Duncan Grant’s still-life paintings of the 1910s are remarkable for their stylistic variety. However, they were not just technically accomplished. The objects in these paintings were often of personal significance to the artist and his friends.
Whether it is true or not, Roger Fry’s two Post-Impressionist exhibitions in 1910 and 1912 are reputed to be the first time a naïve British public saw advanced European painting of the day. Duncan Grant (1885–1978) was an interested visitor to the first and a participant in the second. Important though the exhibition was to Grant’s development, however, his experimental period – between around 1910 and 1918 – pre-dated the first exhibition by several months. Returning from a trip around Tunis and Sicily with Maynard Keynes in spring 1911, Grant called in on Matisse at his studio in Issy-les-Molineaux, just outside Paris, armed with a letter of introduction from Simon Bussy. He later recalled that a version of La Danse and a still life of nasturtiums were present.
Aside from these interesting technicalities, the objects in Grant’s still-life paintings were often of personal significance to the artist and his friends. In Still Life with Compotier and Glass, the fruit dish – a ‘compotier’ or ‘tazza’ – was a housewarming present to Grant and his partner Vanessa Bell.

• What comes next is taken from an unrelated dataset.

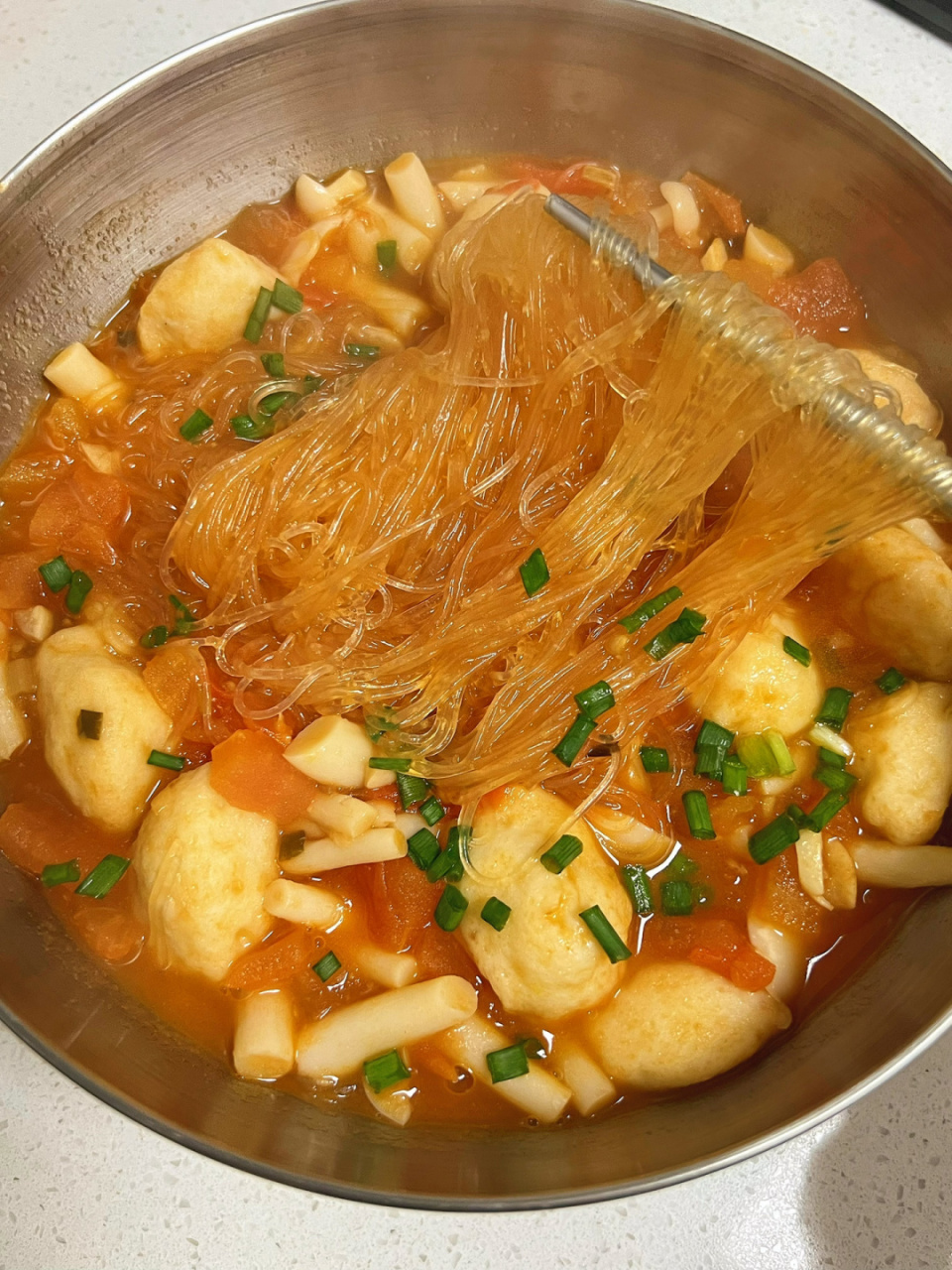 鲜到掉眉毛的茄汁鱼丸粉丝汤 大口嗦粉的快乐93#番茄粉丝汤# #鱼丸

It was given by Barbara Hiles (later Bagenal), a graduate of the Slade School of Fine Art, who visited shortly after they moved into Charleston in October 1916.
Some years later, Bagenal was photographed on a visit to the farmhouse. The image shows her seated with the very fruit dish which she had given some decades before. She was evidently proud of the gift, and pleased to find it was still there after so many years.